_TASK BRIEF_:
Look for the string "Black" in the listing below, then copy every line that has it.

_DATASET CONTENT_:
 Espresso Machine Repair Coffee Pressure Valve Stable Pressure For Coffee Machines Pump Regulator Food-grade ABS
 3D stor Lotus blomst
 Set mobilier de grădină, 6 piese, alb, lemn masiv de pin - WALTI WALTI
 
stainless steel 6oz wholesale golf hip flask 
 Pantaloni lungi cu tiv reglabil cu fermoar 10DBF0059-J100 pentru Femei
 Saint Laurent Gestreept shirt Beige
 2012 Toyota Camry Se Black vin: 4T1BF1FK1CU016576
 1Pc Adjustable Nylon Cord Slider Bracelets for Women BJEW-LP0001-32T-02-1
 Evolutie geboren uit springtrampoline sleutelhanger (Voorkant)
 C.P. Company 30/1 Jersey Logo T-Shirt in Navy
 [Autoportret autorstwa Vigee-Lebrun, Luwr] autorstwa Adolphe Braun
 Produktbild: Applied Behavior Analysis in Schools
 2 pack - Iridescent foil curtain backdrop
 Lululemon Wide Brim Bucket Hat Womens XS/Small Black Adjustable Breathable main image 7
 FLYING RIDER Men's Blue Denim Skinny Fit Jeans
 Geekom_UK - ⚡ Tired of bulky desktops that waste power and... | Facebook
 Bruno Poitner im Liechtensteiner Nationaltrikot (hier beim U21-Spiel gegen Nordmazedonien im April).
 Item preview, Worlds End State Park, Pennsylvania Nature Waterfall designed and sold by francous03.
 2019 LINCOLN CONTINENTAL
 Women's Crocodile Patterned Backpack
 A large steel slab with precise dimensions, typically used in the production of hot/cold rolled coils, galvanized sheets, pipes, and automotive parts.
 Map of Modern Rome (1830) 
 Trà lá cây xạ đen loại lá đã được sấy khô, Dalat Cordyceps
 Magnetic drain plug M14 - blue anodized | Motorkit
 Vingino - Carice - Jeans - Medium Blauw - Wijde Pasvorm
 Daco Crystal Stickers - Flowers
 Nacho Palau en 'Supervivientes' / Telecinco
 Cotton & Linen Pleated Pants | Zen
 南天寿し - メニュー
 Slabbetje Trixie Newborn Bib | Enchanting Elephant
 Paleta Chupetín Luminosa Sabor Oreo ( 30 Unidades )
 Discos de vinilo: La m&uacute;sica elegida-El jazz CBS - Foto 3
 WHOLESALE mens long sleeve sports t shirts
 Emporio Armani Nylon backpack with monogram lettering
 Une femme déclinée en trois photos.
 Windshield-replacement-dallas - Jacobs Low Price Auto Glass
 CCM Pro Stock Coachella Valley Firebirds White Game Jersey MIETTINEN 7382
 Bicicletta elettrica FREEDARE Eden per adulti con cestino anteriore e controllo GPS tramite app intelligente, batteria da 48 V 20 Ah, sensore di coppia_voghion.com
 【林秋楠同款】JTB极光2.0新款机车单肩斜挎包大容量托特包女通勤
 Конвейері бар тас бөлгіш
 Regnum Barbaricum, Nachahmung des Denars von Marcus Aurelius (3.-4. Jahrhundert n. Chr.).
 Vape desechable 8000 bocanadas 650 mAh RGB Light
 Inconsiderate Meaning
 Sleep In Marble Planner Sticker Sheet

_TASK RESULT_:
 2012 Toyota Camry Se Black vin: 4T1BF1FK1CU016576
 Lululemon Wide Brim Bucket Hat Womens XS/Small Black Adjustable Breathable main image 7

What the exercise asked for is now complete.